EXERCISE PROMPT |
When you reach the line that contains "Carex atrofusca image" in the data below, start reproducing lines exactly, and stop after the line that contains "욕지도펜션리조트 | 편안하고".

DATA SUPPLIED |
^^^^
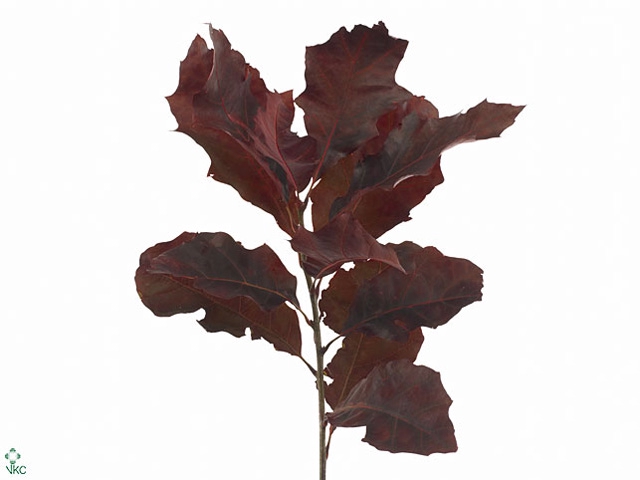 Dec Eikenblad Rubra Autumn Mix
^^^^
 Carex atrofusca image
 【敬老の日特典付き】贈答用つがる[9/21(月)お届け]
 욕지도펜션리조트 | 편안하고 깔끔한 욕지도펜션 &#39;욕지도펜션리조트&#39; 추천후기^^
^^^^
REPLY TO THE TASK |
 Carex atrofusca image
 【敬老の日特典付き】贈答用つがる[9/21(月)お届け]
 욕지도펜션리조트 | 편안하고 깔끔한 욕지도펜션 &#39;욕지도펜션리조트&#39; 추천후기^^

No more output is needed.